Christian: We do but it’s really a pain in the ass to get a good recording. A lot of times we’ll have a good technical recording but we’re not totally happy with the performance, or we’ll have a great performance and the recording won’t be very good. One of these days when we have like 10 days we’ll bring someone with us and make a great series of recordings. It’s really an endeavor. It’s costly, and you’d be surprised how each venue might have their own set of rules and don’t want this happening…
Ethan: Yeah and you’re adding to your day. On a tour, those are long days. You’re adding at least an hour if not more to your day to make sure you’ve not only soundchecked the live part but you’ve soundchecked the recording as well.
But what Christian mentioned about not being happy with the performance – I think that touches on something that’s happened to us as we’ve evolved and become more critical of our recordings. Electronic music is so prevalent, not only in underground dance culture but also in popular music. Like if you hear a pop rock group on the radio – don’t think for a second that’s a real live recording. If they haven’t been completely programmed, they might as well have been. They’ve been chopped up, layered, replaced…
The result is that people are used to hearing “computer-perfect” music now. That is the norm, and it’s the norm even in what sounds like “live” music.
It’s strange because it changes the way you hear actual live music. Even if you listen to some classic old disco – it sounds awesome, it sounds very in the pocket, but if you’ve been listening to a lot of electronic music, disco will start to sound messy. When I was younger it sounded like the tightest thing I’ve ever heard in my life. That standard has changed the way we hear our own recordings. When we listen to a live show, we’re much more critical of those inconsistencies in all the instruments. We’re not DJs. We’re live musicians. We have to fight that desire and let it be really live and organic.

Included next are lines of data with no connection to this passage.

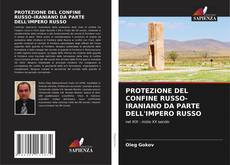 Copertina di PROTEZIONE DEL CONFINE RUSSO-IRANIANO DA PARTE DELL'IMPERO RUSSO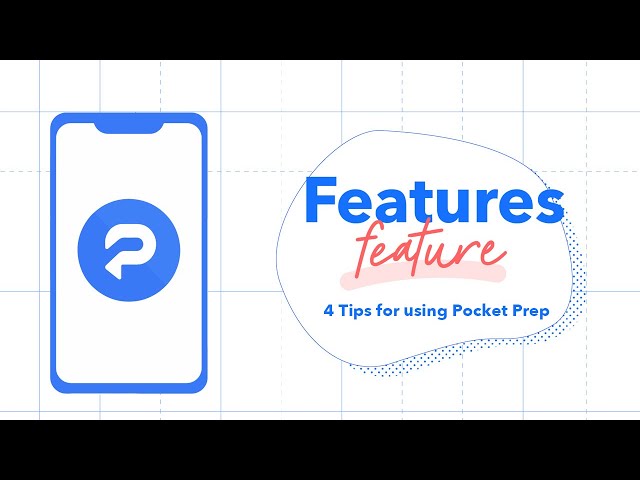 Pocket Prep Features Feature: App Tips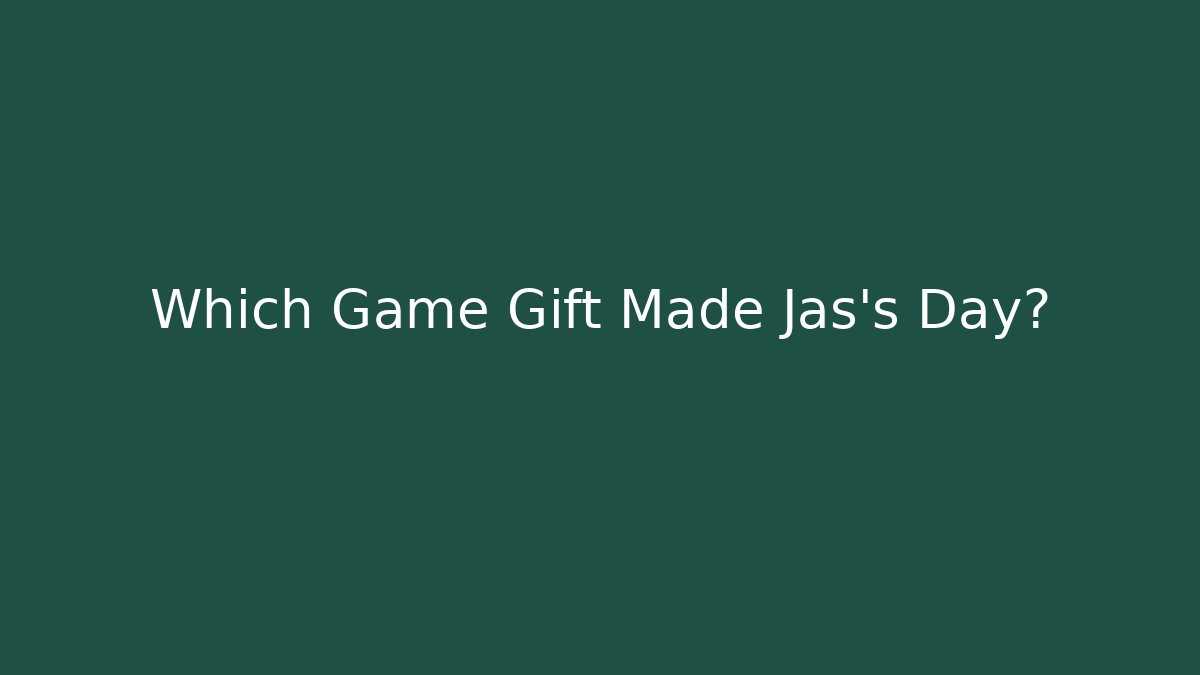 Which Game Gift Made Jas's Day?
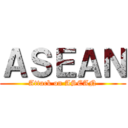 ＡＳＥＡＮ (Attack on ASEAN)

That’s one of the reasons I think there’s a backlash in favor of analog instruments and a DIY aesthetic in electronic music lately. It’s weird to say it, but I often find myself missing the grit and texture – a kind of “human” element to electronic music that’s absent with mathematically-perfect digital recordings.
Ethan: Yeah, you have to remember that a lot of the early electronic music was done on machines that weren’t as steady. The timing wasn’t as steady. The early MPCs not only did their own swing – which is an intentional inaccuracy in the 16th notes – but the machine had flaws in its own timing. It wasn’t as rigid as something programmed on a computer, which is extremely exact.
You come through town a few times a year, you’re always on tour and from what I’ve heard you’re working on a new album now too. Do either of you work on any other projects aside from Tortured Soul?
Christian: NO! JUST TORTURED SOUL! [laughs] Uh, yeah, I guess we do. There’s an R&B song that I wrote a number of years ago that just got recorded by a Japanese group called Blue Swing. There’s a song that a singer featured on, Danni D’Andrea that we’re going to release on TSTC Records. We did a remix for a production that Ashley Jana sang on. I also co-wrote a song with Bluey and sang on the Incognito album Transatlantic a couple years ago.
So we’re not doing Tortured Soul 24/7. It’s more like, maybe… 23/6?
Ethan: Yeah, the other stuff just seems like a hobby. I do play gigs with local musicians here in New Orleans sometimes. They’ll tell me they’ll pay this amount and I’m like eh, I don’t care. If you’re nice and it’s going to be fun, let’s do it. It’s almost like a hobby.
I do some recording work for other people as well. Maybe the most notable thing in the last year or two is a group called the Analog Players Society from Brooklyn that does kind of electronic world music. They were featured on Fresh Air or something and went to #1 on iTunes’ world charts for several weeks. Those records I’m kind of all over. Some of them are just all me, just soloing or whatever. For remixes, just did one for a New Orleans band called Waterseed, and hopefully we’ll release that on TSTC. And I just did a remix for Zaki Ibrahim from South Africa.